There was a Carolyn Hax chat at the Post today, and I always know I can widen my perspective and come away a little better person for reading her peacemaking.

Or she’ll tell it to you straight when you need to hear it.

A woman wrote in, an avid gardener with pollenizers here, veggies there, an herb garden on the side. They’d bought the house three years ago. Her mother had found out she was terminally ill and so dug up her own sage and thyme bushes and gifted them to her daughter for her new house before she passed.

The writer’s father-in-law hated her yard and was not shy about saying so.

And so while the couple was away on vacation, he paid someone to come over to their house, rip out the front and side yards and replace them with what he thought it ought to look like.
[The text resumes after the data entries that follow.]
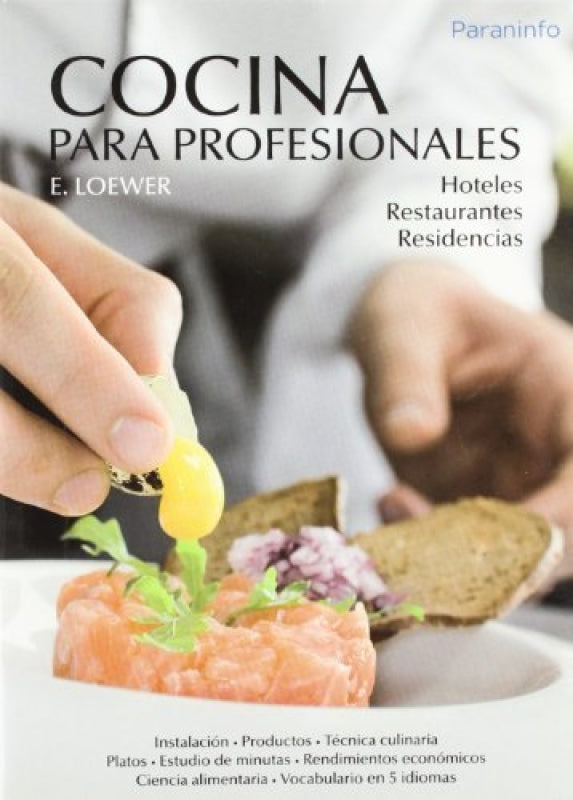 Cocina Para Profesionales Libro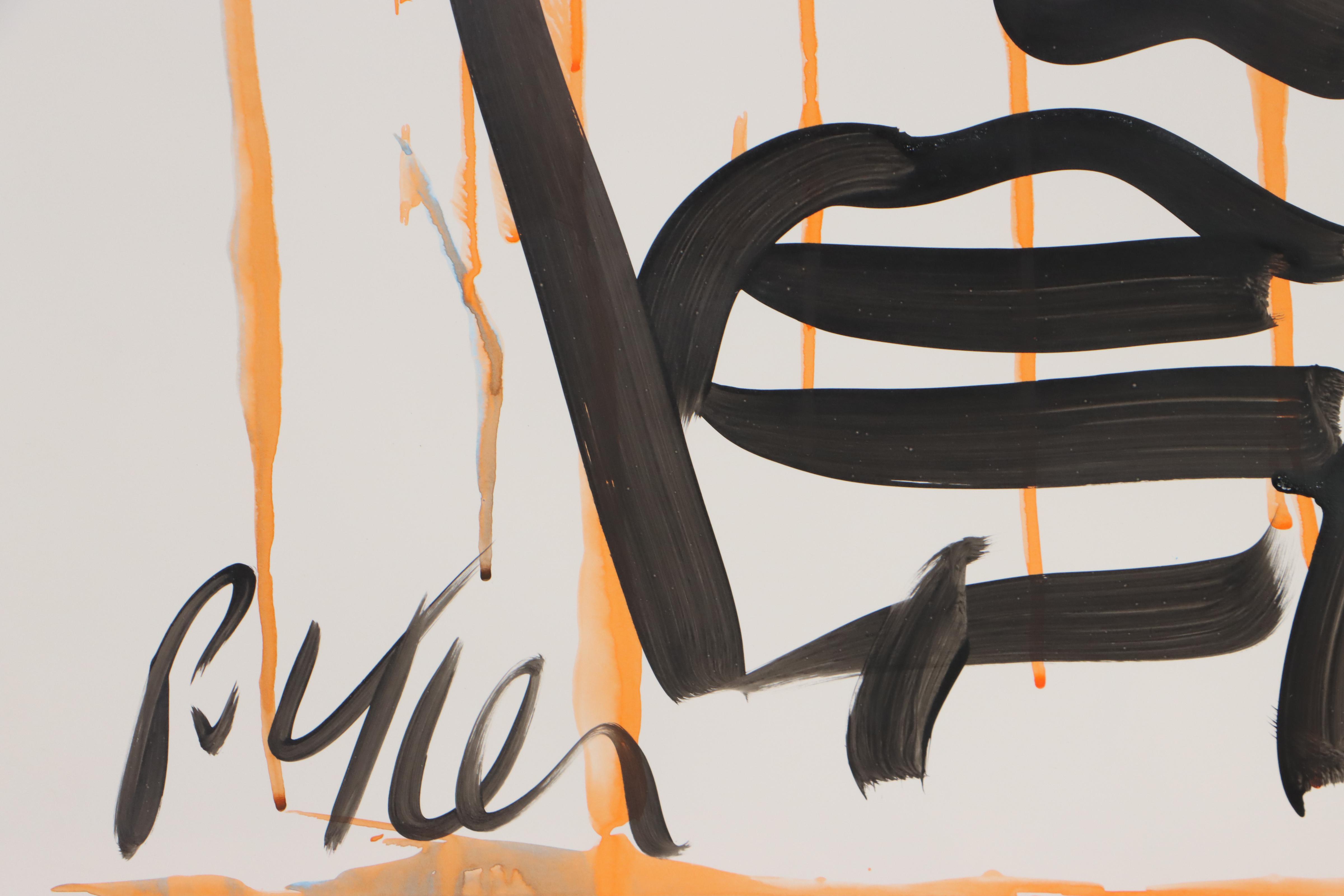 Peter Keil Abstract Acrylic Portrait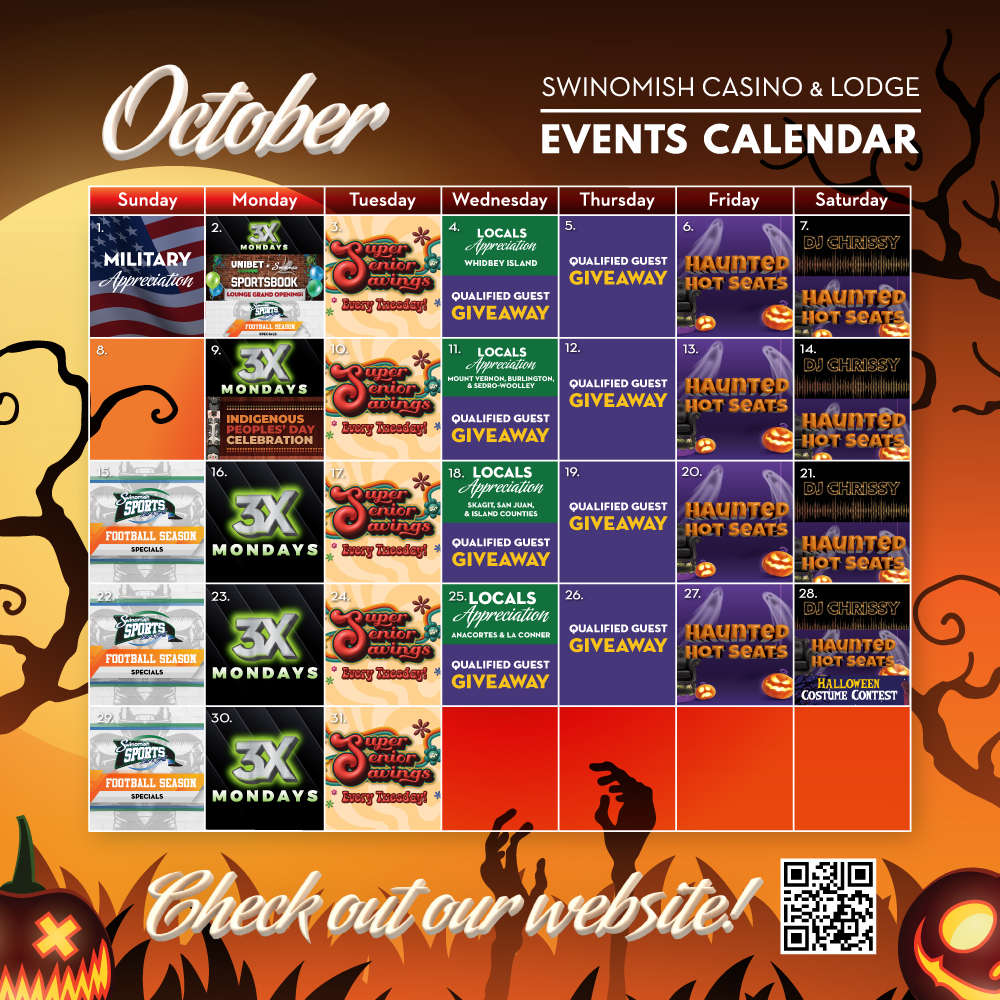 October Events Calendar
Why plant flowers when you can have neatly edged mulch?

She was furious and he was furious at her for not being grateful, after all, he’d spent a lot of money on this.

Carolyn was furious, too. She said taking the woman’s husband up on the offer to replant her things together as much as possible would be putting her marriage first and she said if she were going to offer any advice on this that’s what it would be, but no, she most certainly did not have to apologize to her FIL!

At the end of the chat she said her responses were being slow because she had never had so many people write in in response to a question before–all in defense of that poor gardener grieving her mother and those lost plants and connections.

Former copyeditor that I am, I noticed that pollenizer and pollinator were both used in their conversation.

I had to go check that out.

Pollinator is something that conveys pollen from flower to flower. Pollenizer is a plant that offers pollen, that feeds the bees and the hummingbirds. My Stella cherry is a pollenizer for itself but not for my tart English Morello. Got it.

I mentioned the letter to my husband. My easygoing, always-look-at-both-sides husband.

MOVE, he said with emotion, surprising me. There can be no communication with someone who willfully will not hear you like that.

Move to where he cannot easily reach you to trespass like that ever again?

YES.

That had been my first thought, too.

But then (in our case it was a bad boss, not a relative) 38 years ago, we did exactly that.